Odd-frequency Superconductivity Revealed by Thermopower

TL;DR

This paper proposes using thermopower measurements as a direct method to detect odd-frequency superconductivity, which has been elusive in experiments so far.

Contribution

It introduces thermopower as a novel, unambiguous probe for odd-frequency superconductivity, supported by a theoretical model involving a superconductor-quantum dot-ferromagnet hybrid.

Findings

Thermopower is finite only with odd-frequency superconductivity.

Theoretical demonstration with a superconductor-quantum dot-ferromagnet system.
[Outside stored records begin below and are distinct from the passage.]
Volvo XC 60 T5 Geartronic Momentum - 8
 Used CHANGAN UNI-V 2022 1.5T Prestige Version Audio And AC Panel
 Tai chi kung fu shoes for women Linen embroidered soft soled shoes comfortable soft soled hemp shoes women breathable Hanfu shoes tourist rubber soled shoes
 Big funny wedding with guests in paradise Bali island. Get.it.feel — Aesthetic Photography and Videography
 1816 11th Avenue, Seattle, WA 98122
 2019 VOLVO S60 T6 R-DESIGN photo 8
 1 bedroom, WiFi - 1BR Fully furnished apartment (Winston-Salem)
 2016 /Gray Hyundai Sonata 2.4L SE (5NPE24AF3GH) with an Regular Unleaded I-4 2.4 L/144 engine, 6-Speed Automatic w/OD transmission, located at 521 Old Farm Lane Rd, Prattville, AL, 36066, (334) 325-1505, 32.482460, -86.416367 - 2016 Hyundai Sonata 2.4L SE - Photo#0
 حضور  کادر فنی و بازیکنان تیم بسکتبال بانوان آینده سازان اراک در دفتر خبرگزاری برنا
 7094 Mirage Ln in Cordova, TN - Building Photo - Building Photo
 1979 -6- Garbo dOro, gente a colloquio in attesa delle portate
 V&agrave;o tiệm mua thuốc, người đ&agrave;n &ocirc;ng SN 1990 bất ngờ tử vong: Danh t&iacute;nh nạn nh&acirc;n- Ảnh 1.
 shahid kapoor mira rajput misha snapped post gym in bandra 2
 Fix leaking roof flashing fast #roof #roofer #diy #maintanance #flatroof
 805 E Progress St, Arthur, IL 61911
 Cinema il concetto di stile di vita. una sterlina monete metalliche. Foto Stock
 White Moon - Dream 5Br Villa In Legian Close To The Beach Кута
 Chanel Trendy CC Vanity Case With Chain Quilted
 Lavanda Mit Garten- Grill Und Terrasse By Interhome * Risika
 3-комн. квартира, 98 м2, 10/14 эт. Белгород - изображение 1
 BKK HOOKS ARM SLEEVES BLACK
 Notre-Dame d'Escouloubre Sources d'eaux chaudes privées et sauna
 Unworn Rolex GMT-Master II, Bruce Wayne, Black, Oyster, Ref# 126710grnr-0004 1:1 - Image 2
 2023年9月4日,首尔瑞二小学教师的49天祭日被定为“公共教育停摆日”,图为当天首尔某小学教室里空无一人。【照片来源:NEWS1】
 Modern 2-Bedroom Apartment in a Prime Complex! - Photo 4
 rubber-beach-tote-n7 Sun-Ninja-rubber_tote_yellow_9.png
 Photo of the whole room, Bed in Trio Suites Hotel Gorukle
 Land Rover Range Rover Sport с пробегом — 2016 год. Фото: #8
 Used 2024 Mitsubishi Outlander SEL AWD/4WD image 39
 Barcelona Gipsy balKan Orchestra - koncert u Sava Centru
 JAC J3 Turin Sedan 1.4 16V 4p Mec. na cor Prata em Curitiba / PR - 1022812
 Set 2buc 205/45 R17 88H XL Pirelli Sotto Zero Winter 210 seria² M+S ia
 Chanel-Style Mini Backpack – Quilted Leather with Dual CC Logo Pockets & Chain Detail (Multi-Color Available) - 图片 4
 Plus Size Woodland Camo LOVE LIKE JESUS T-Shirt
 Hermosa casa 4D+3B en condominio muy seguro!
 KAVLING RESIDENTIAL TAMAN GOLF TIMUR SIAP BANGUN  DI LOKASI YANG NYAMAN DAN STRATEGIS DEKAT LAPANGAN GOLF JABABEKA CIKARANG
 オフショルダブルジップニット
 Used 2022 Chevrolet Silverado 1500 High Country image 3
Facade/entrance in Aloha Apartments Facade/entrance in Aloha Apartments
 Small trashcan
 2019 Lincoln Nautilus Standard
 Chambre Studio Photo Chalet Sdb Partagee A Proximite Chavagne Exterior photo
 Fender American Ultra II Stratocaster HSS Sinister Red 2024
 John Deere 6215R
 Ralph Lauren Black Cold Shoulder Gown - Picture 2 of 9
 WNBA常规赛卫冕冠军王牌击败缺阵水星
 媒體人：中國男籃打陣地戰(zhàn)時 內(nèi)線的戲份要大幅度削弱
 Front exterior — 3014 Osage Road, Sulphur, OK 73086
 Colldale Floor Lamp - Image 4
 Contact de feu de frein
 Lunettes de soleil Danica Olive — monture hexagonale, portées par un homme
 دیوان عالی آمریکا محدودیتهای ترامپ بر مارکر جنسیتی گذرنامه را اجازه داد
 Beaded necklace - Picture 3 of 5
Provides a new experimental approach to identify odd-frequency pairing.

Abstract

Superconductivity is characterized by a nonvanishing superconducting pair amplitude. It has a definite symmetry in spin, momentum and frequency (time). While the spin and momentum symmetry have been probed experimentally for different classes of superconductivity, the odd-frequency nature of certain superconducting correlations has not been demonstrated yet in a direct way. Here we propose the thermopower as an unambiguous way to assess odd-frequency superconductivity. This is possible since the thermoelectric coefficient given by Andreev-like processes is only finite in the presence of odd-frequency superconductivity. We illustrate our general findings with a simple example of a superconductor-quantum dot-ferromagnet hybrid.